68 Mo. App. 238 | Mo. Ct. App. | 1897
Defendant is a farmer owning a tract of land- of one hundred and forty acres in St. Charles county, Missouri. He wrote a description of his farm and improvements in a book kept by plaintiff, who is a real estate agent, concluding as follows: “Incumbrance $2,400, at six per cent, runs three years. I agree to pay five per cent for selling.” On the twelfth of July, 1894, plaintiff prepared a contract, which was signed by defendant and a Miss Simpson, stipulating that defendant should furnish a warranty deed for said farm to Miss Simpson, whereupon she would pay to him $5,600 cash.

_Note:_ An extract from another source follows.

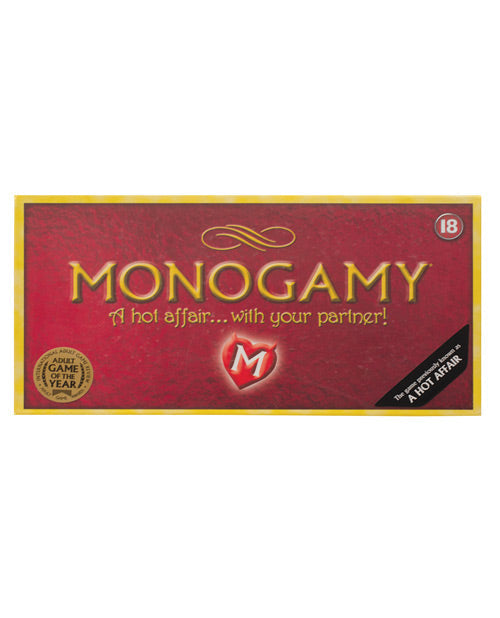 Monogamy A Hot Affair Game - Unapologetic angel LLC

Defendant testified that he was informed by plaintiff, before this contract was signed, that it contained a provision making the proposed sale subject to the mortgage on his farm, and that it provided for the sale of one hundred and forty acres, more or less, so as to cover a defect in the title to four acres; that owing to his deafness he could not hear the contract when plaintiff read it over, but signed it upon plaintiff’s representations as'to its contents; that plaintiff refused to allow the defendant to take the contract for examination. The sale proposed by this contract was not completed, owing to defendant’s inability to remove the incumbrance and protect the title to four acres of the land. There was evidence tending to show that plaintiff knew the sale was to be made subject to the mortgage. He denied that defendant told him of the defective title as to the four acres before the agreement for the sale had been drawn. Pending the negotiation for completing the executory agreement of July 12, 1894, defendant received a letter from plaintiff dated July 26, 1894, which was written to get defendant to agree to pay plaintiff an excess of $100 over the amount of commissions at five per cent. This letter contained the following passage referring to the defect of title as' to the four acres:
*241 “I wrote Mr. Breaker asking him if the title to the four acres could be fixed up so it would stand - fire, but he don’t seem to answer. One thing certain, if it is not all straight, the man they send up will get on to it. I suppose you know, and if you think it will not show up good, if it will not, how would it be to see the old woman and find if she would as soon drop the four acres, and we take it back at $40 per acre? I would get Miss Taylor to work this. You sign the agreement I sent you and get the letter to me to-morrow, so I can be able to meet with them Saturday. I am satisfied Nichols will bust it up if he can, so we must be fixed for him. Let me know fully in letter to-morrow what you think about the title to the four acres, as I suppose Mr. Breaker knows.
Yours truly,
“S. W. Culp.”
This suit was begun before a justice to recover commissions for the sale of defendant’s farm at the price of $5,600, or $280. The justice rendered judgment for defendant. Upon plaintiff’s appeal to the circuit court, judgment was again given for defendant, from which plaintiff appealed to this court.
Finding no reversible error in the judgment, it will be affirmed.